Upstart Q3 Earnings Presentation
Upstart has seen their loans start to perform worse due to a lapse in government assistance and higher inflation straining consumer’s finances. These trends will need to be monitored because if Upstart’s loans turn out to default at the same rate as FICO when measured over long periods of time, the bull thesis is completely busted.
Upstart Q3 Earnings Presentation Upstart Q3 Earnings Presentation
The Ugly
Upstart’s operating losses have begun to accelerate, which is unfortunate considering the company was once quite profitable. This is mostly due to the macro environment being difficult for personal loan originations. Unlike many recent IPOs, management has already shown they can run a profitable business. These losses aren’t great but management will likely be able to right the ship once the macro improves.
The company has been forced to hold more loans on their balance sheet because funding for their platform has dried up. This is a gigantic issue because it not only increases their financial exposure to potentially bad loans, it also erodes the bull case for them to have a platform-like valuation. The more loans they hold on their balance sheet the more they will be valued like a bank that doesn’t have access to a low cost deposit base.

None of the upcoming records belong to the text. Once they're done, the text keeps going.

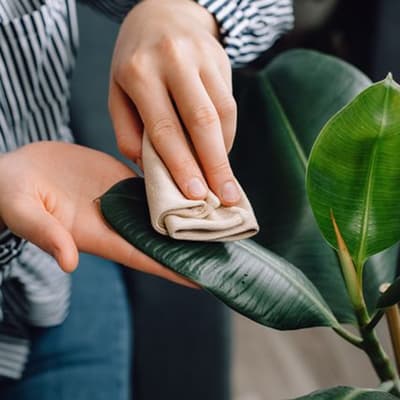 abrillantador-de-hojas-de-250-ml-ne-thumb-1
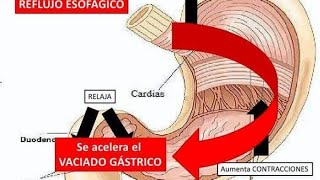 mecanismos de accion de procineticos y antiespasmodicos [upl. by Amaryl]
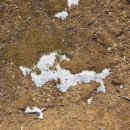 생각이 바뀌면 삶이 바뀐다 | 이미지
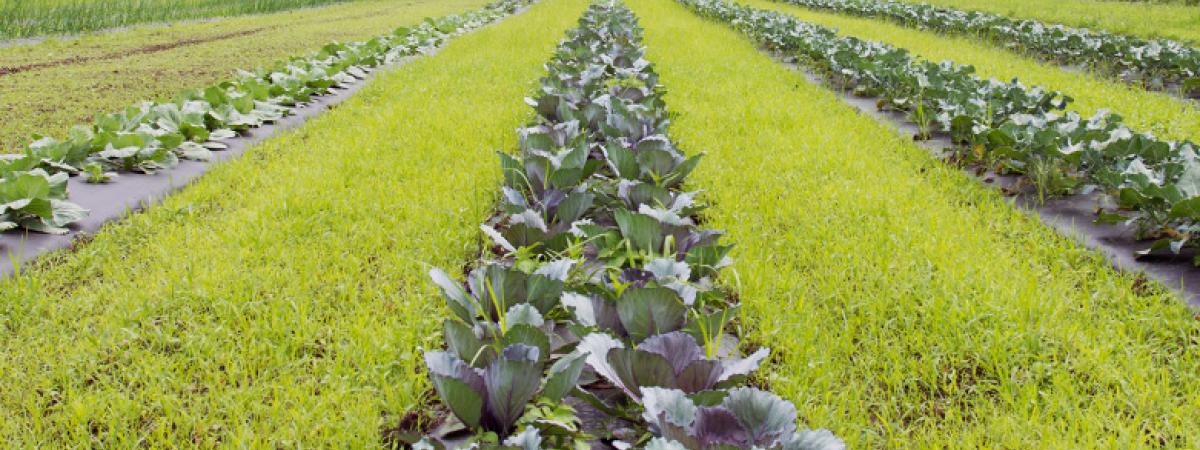 crops-feat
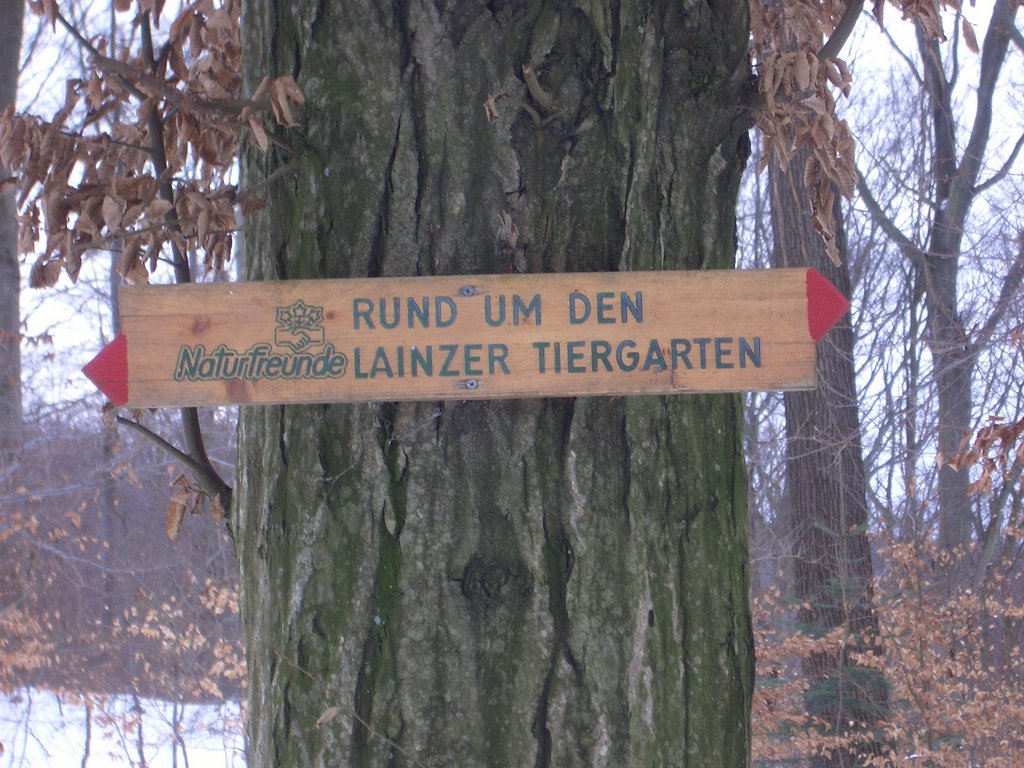 CIMG3954.JPG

The company is looking to secure long-term funding arrangements to mitigate this in the future, but it remains to be seen how successful they will be at that.
Revenue concentration remains high, with two of their customers making up 71% of their revenue. While this is showing improvement from the year-ago period, such a high level of revenue concentration is alarming and remains a significant risk to the company.
Finally, Upstart’s guidance for Q4 was horrendous. Most if not all of these numbers are lower than the market expected. Q4 should be Upstart’s trough quarter for this cycle. If it isn’t investors should prepare for more potential downside and think about whether the bull thesis is busted.
Upstart Q3 Earnings Presentation
Price Action
Upstart’s stock has had a wild ride since their IPO. After becoming a momentum stock the company has seen their stock brutally sell off for over a year.
Valuation
Upstart has always traded at a premium valuation, but recently has started to trade at very low P/S and P/B ratio. If the business can stabilize itself and earnings come in better than expected an investment case can actually be made based on valuation alone.
Until the business stops its rapid deterioration investors may want to watch from the sidelines. We believe that Upstart is a binary outcome with high potential rewards and losses. If Upstart’s model proves to be superior and they can expand into new loan markets and return to profitability the stock can reach $300 or even higher. If their model is broken and their loans actually perform worse than FICO over the long-run the stock could potentially go to 0 or liquidation value as there would be no reason for a financial institution to acquire them. There are very few public companies that currently have this much variance in potential outcomes.
Risks
Since our thesis is neutral in nature there are risks to the upside and downside.
Upside risks include the company’s ability to improve their risk assessment model and successfully expand into other loan markets. The auto market may end up being a large area of success for them with a lower risk profile than personal loans currently have.
Downside risks include the company being unable to assess risk better than FICO and being unable to expand into new loan markets or attract new partners. The company may have difficulty attracting and retaining talent due to their declining stock price.
Key Takeaway
If Upstart can come out of this period and show that their AI risk assessment model is superior to FICO they will thrive and be able to expand into new loan markets and attract new partners. If their risk assessment model turns out to be inferior to FICO when measured over a long period of time the company may be unable to survive. Despite the potential for massive rewards, the risks lead us to believe that investors should stay on the sidelines until there is more clarity.